▸ Your task
With the pictures omitted, print exactly the lines below, from the one containing "你应该坚持你自己的观点英语怎么说呢翻译" through the one containing "Sherri Youngward - Six", and nothing else.

▸ Input for this task
+++
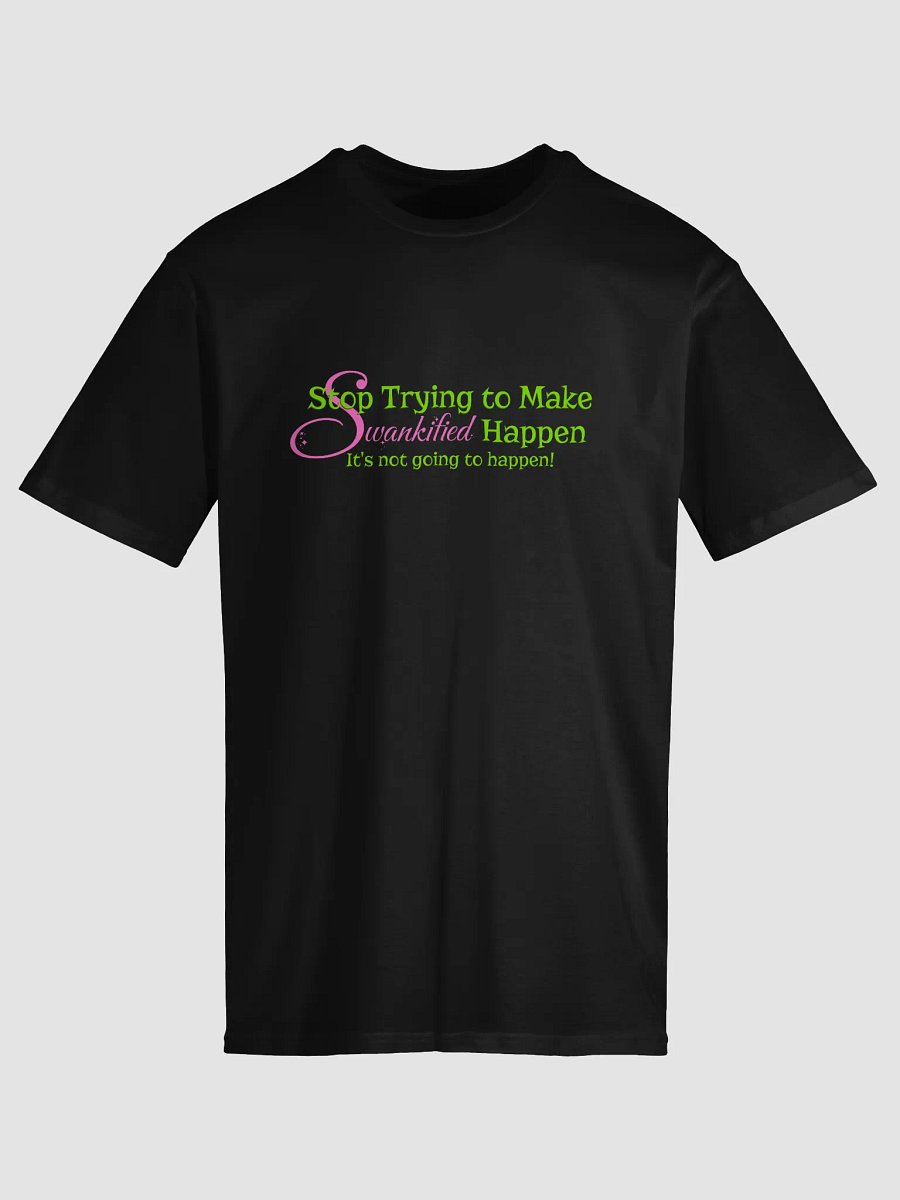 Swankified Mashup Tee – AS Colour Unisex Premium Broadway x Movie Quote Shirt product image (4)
+++
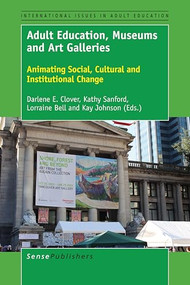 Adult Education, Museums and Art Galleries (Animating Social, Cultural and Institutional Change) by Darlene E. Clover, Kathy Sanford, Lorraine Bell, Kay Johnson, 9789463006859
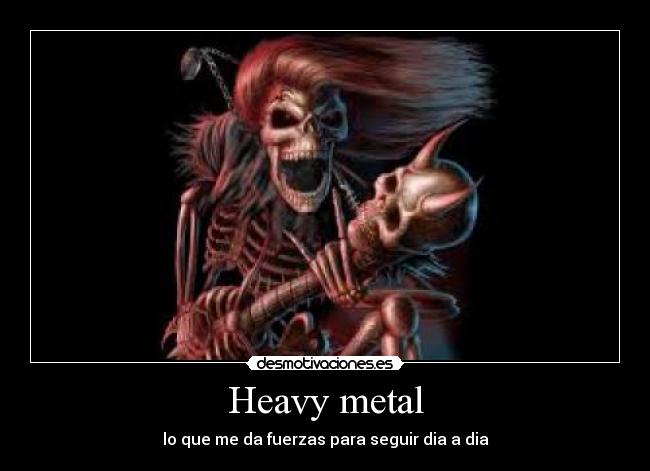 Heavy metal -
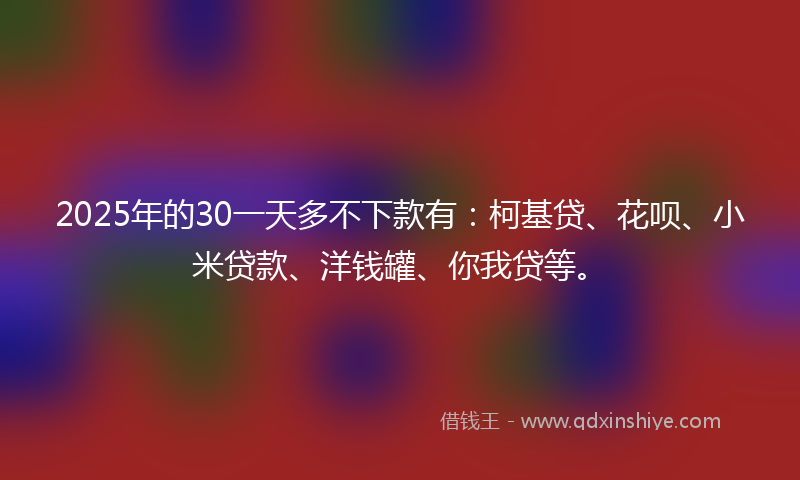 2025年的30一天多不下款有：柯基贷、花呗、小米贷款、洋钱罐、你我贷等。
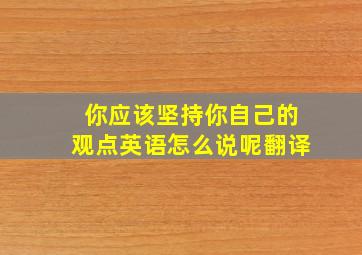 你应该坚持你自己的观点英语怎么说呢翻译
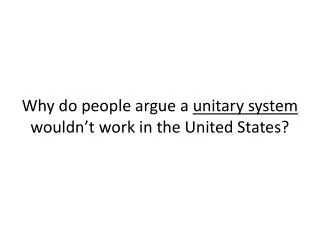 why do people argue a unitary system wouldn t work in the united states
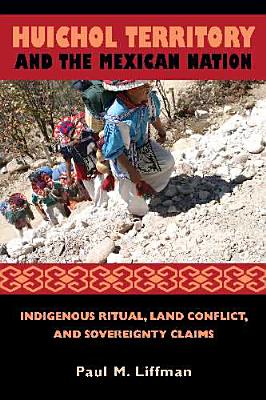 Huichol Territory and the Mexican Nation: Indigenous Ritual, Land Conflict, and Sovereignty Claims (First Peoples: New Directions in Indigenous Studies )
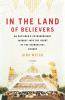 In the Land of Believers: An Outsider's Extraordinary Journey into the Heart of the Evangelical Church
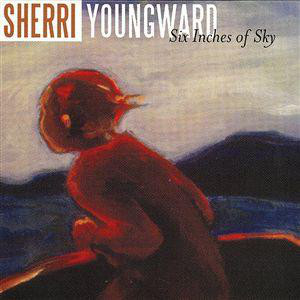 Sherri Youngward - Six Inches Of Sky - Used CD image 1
+++
▸ Output below
 你应该坚持你自己的观点英语怎么说呢翻译
 why do people argue a unitary system wouldn t work in the united states
 Huichol Territory and the Mexican Nation: Indigenous Ritual, Land Conflict, and Sovereignty Claims (First Peoples: New Directions in Indigenous Studies )
 In the Land of Believers: An Outsider's Extraordinary Journey into the Heart of the Evangelical Church
 Sherri Youngward - Six Inches Of Sky - Used CD image 1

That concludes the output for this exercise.